RECORDS TO USE ->
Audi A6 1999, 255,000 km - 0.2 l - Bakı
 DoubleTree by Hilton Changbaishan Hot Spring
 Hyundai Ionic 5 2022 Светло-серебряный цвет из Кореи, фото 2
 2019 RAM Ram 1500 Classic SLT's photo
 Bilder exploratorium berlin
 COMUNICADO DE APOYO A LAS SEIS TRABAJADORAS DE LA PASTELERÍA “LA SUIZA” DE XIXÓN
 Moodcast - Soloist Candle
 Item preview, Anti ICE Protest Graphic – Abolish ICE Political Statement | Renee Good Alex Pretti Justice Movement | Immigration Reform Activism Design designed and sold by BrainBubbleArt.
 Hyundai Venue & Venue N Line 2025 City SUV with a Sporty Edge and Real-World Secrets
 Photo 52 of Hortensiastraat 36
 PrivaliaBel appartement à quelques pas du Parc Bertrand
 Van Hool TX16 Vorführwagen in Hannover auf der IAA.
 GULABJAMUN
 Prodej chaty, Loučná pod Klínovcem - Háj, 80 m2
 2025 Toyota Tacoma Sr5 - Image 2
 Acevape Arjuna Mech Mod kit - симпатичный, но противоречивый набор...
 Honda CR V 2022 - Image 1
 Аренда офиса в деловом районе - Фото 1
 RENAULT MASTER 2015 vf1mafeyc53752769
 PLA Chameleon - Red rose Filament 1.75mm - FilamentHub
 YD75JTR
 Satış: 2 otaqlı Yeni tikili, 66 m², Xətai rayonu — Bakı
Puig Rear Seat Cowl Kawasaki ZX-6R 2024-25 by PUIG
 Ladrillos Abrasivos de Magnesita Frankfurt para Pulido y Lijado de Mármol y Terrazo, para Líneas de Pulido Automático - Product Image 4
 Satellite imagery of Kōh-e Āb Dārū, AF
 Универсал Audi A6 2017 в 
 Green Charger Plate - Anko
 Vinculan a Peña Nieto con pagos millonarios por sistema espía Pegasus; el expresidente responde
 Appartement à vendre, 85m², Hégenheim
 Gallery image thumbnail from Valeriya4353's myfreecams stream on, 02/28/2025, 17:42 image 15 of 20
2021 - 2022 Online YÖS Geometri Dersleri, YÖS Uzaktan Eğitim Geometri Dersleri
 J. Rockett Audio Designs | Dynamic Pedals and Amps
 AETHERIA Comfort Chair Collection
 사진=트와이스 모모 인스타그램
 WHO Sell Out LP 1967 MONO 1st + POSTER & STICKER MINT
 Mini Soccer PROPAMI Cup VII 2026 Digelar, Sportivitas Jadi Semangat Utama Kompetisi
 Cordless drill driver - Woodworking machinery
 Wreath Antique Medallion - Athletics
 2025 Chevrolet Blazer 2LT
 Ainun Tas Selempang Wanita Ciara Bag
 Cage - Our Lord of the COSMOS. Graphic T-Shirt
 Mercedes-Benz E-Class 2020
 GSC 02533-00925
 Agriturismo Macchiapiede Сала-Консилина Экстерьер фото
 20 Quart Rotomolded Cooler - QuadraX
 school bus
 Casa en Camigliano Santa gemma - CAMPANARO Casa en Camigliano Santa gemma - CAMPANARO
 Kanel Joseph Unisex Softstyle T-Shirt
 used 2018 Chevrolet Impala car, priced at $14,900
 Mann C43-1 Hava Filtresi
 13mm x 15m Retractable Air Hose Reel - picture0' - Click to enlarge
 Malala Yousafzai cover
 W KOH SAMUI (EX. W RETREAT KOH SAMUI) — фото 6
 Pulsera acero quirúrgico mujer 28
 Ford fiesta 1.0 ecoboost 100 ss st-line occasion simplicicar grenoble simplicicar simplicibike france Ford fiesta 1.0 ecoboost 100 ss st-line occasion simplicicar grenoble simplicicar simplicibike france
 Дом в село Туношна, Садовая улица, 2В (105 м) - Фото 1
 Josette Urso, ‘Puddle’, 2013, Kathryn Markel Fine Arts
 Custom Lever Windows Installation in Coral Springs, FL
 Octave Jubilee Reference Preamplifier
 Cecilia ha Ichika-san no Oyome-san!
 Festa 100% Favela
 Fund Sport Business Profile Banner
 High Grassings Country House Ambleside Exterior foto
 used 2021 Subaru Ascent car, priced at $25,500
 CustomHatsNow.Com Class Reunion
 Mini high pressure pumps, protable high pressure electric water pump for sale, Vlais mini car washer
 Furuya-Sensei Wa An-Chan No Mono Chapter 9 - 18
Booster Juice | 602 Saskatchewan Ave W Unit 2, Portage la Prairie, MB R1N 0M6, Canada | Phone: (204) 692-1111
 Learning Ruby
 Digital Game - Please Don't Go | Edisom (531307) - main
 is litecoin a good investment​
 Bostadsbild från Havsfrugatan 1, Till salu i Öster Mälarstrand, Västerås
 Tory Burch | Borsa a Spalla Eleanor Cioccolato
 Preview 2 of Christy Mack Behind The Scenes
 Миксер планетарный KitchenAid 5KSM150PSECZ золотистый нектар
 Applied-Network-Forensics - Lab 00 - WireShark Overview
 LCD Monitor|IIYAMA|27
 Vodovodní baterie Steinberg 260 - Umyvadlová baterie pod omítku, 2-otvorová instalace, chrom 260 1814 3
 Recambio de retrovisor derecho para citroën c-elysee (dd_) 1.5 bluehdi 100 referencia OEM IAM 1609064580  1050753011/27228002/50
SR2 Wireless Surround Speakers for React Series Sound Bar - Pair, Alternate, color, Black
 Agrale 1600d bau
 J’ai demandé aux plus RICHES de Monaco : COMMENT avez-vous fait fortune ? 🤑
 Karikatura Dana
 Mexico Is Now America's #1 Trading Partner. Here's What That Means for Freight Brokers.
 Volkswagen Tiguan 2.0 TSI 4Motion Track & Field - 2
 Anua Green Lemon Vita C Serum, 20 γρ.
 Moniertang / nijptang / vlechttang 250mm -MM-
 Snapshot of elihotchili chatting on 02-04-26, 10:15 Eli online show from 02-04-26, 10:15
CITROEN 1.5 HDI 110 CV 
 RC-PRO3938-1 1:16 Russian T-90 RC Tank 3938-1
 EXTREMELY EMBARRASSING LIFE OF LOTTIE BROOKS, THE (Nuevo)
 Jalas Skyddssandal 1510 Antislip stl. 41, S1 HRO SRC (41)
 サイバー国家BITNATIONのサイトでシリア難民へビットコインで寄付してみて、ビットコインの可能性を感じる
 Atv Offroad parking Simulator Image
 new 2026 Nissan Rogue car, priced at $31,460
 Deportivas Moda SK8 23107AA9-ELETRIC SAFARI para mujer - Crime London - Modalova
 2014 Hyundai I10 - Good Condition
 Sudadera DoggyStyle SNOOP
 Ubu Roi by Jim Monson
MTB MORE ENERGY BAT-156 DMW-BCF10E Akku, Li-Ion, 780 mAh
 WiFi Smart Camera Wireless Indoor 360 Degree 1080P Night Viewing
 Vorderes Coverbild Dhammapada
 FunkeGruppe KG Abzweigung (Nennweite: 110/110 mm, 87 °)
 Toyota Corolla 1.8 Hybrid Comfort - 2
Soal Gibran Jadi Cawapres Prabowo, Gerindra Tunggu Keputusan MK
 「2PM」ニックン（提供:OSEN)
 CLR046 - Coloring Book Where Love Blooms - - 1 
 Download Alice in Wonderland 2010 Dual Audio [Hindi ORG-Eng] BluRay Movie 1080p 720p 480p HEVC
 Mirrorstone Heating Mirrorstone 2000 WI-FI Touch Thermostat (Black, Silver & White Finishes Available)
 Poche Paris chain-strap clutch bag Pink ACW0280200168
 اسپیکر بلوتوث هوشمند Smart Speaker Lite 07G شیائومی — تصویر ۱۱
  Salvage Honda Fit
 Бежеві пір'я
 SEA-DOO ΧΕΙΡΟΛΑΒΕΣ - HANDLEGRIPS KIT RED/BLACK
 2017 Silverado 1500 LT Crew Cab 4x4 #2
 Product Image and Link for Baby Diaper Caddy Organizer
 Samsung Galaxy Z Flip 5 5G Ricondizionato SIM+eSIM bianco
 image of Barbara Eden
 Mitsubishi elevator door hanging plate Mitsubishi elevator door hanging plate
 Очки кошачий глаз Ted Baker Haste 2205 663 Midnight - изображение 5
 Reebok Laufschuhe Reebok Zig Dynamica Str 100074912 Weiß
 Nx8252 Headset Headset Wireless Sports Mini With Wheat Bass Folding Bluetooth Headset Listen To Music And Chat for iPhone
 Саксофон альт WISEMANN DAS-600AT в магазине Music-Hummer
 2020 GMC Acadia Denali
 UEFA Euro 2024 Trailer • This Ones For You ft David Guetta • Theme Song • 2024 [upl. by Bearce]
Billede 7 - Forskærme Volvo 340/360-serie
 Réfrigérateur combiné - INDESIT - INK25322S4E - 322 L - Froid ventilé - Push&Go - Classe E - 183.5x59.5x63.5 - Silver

ACTIVITY -> From the entries above, print the lines beginning at the one with "Fund Sport Business Profile Banner" and stopping after the one with "WiFi Smart Camera", exactly as written and with nothing else.

SOLUTION ->
 Fund Sport Business Profile Banner
 High Grassings Country House Ambleside Exterior foto
 used 2021 Subaru Ascent car, priced at $25,500
 CustomHatsNow.Com Class Reunion
 Mini high pressure pumps, protable high pressure electric water pump for sale, Vlais mini car washer
 Furuya-Sensei Wa An-Chan No Mono Chapter 9 - 18
Booster Juice | 602 Saskatchewan Ave W Unit 2, Portage la Prairie, MB R1N 0M6, Canada | Phone: (204) 692-1111
 Learning Ruby
 Digital Game - Please Don't Go | Edisom (531307) - main
 is litecoin a good investment​
 Bostadsbild från Havsfrugatan 1, Till salu i Öster Mälarstrand, Västerås
 Tory Burch | Borsa a Spalla Eleanor Cioccolato
 Preview 2 of Christy Mack Behind The Scenes
 Миксер планетарный KitchenAid 5KSM150PSECZ золотистый нектар
 Applied-Network-Forensics - Lab 00 - WireShark Overview
 LCD Monitor|IIYAMA|27
 Vodovodní baterie Steinberg 260 - Umyvadlová baterie pod omítku, 2-otvorová instalace, chrom 260 1814 3
 Recambio de retrovisor derecho para citroën c-elysee (dd_) 1.5 bluehdi 100 referencia OEM IAM 1609064580  1050753011/27228002/50
SR2 Wireless Surround Speakers for React Series Sound Bar - Pair, Alternate, color, Black
 Agrale 1600d bau
 J’ai demandé aux plus RICHES de Monaco : COMMENT avez-vous fait fortune ? 🤑
 Karikatura Dana
 Mexico Is Now America's #1 Trading Partner. Here's What That Means for Freight Brokers.
 Volkswagen Tiguan 2.0 TSI 4Motion Track & Field - 2
 Anua Green Lemon Vita C Serum, 20 γρ.
 Moniertang / nijptang / vlechttang 250mm -MM-
 Snapshot of elihotchili chatting on 02-04-26, 10:15 Eli online show from 02-04-26, 10:15
CITROEN 1.5 HDI 110 CV 
 RC-PRO3938-1 1:16 Russian T-90 RC Tank 3938-1
 EXTREMELY EMBARRASSING LIFE OF LOTTIE BROOKS, THE (Nuevo)
 Jalas Skyddssandal 1510 Antislip stl. 41, S1 HRO SRC (41)
 サイバー国家BITNATIONのサイトでシリア難民へビットコインで寄付してみて、ビットコインの可能性を感じる
 Atv Offroad parking Simulator Image
 new 2026 Nissan Rogue car, priced at $31,460
 Deportivas Moda SK8 23107AA9-ELETRIC SAFARI para mujer - Crime London - Modalova
 2014 Hyundai I10 - Good Condition
 Sudadera DoggyStyle SNOOP
 Ubu Roi by Jim Monson
MTB MORE ENERGY BAT-156 DMW-BCF10E Akku, Li-Ion, 780 mAh
 WiFi Smart Camera Wireless Indoor 360 Degree 1080P Night Viewing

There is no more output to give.